Anyway the movie has the line "you're wearing a dress and you have an animal sidekick, that makes you a princess," so we get to talk about fourth wall, "meta-" etc., and the degree to which contemporary children's movies sometimes subvert tropes while simultaneously reinforcing them.

Unfortunately my son found a series of weird-ass unlicensed fan videos that are premised on Maui/Moana marrying and having kids, which we agree is insane, so we get to address fair use and shipping and fanfiction while also addressing consent, power, age gaps, the obliteration of platonic friendship....

what if a much of a which of a wind (Ye Mad Puffin), Wednesday, 1 November 2017 14:56 (six years ago) link

That all makes my brain hurt. Glad my kid just likes to sing the songs and doesn’t ask questions.

Jeff, Wednesday, 1 November 2017 15:25 (six years ago) link

Ha, be glad we didn't feel the need to talk about whether Lin-Manuel Miranda counts as an appropriator of Polynesian culture. Or whether Puerto Rican ancestry gives him a "well, that's kind of an islander" get-out-of-jail-free card. Or whether (half-Maori New Zealander) Jemaine Clement is okay, but maybe should not have done a David Bowie impression because wypipo, etc.

All of which are real Internet takes of varying degrees of performative wokeness.
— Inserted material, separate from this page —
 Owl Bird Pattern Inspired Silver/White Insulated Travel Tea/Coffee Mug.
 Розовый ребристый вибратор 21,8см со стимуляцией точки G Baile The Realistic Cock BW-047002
Careful with that Ax, Emanuel (Ye Mad Puffin), Wednesday, 1 November 2017 15:42 (six years ago) link

how old is your kid?

Mordy, Wednesday, 1 November 2017 15:53 (six years ago) link

Ten.

Careful with that Ax, Emanuel (Ye Mad Puffin), Wednesday, 1 November 2017 16:04 (six years ago) link

ugh
https://medium.com/@jamesbridle/something-is-wrong-on-the-internet-c39c471271d2

I am 99.9% sure all the videos we watch are fine but from now on I'm gonna build up a playlist of things I have personally vetted and only watch those. I might have come across ones with hideous blasts of crying (and switched it off immediately).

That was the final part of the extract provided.